On iOS: There is a noticeable delay in receiving messages when switching from offline to online (4G). On Android: Messages either do not arrive at all (waited up to 10 minutes) or only a portion of the messages is received immediately. In 6 tests conducted: 4 cases of missing messages and 2 message partly deliveries.
Reproduction
Expected behavior
Messages should be received promptly after the user goes back online, even if the app was in the background.
Actual behavior
iOS: Messages are delayed upon reconnecting to the 4G network after being offline. Android: Either no messages are received or only a subset of messages arrives instantly.
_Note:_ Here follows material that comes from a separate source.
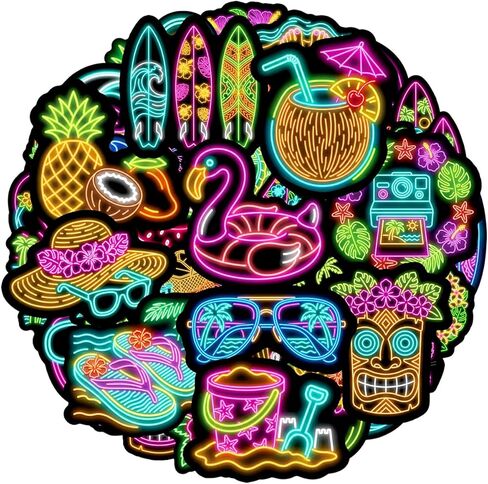 100 Pcs Summer Neon Waterproof Vinyl Stickers for Water Bottle, Cool Luau Tropical Hawaiian Beach Party Favors for Kids in Kuwait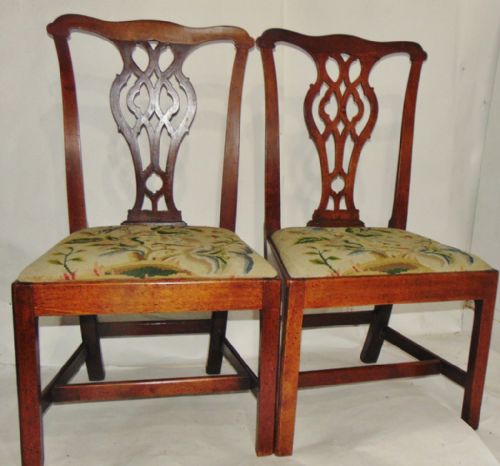 Pair George III Fruitwood Side Chairs Circa 1770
The issue was observed in 4 out of 6 tests.
Additional Information
Comments:
Examples of tests on Android (4G enabled):
13:53 - device is offline 13:55 - device returns online 13:55 - 10 messages are sent from the desktop app 14:05 - no messages have arrived in the mobile app
14:06 - device is offline 14:07 - device returns online 14:09 - 10 messages are sent from the desktop app 14:09 - 5 out of 10 messages are received 14:21 - the remaining 5 messages still haven't arrived
Android:
Mobile log: logcat.zip
Desktop log: geth.zip
IOS:
https://github.com/user-attachments/assets/7cb0b6dc-ba79-4908-8f13-29ec09906c0b
Mobile log: logs.zip
Desktop log: geth.log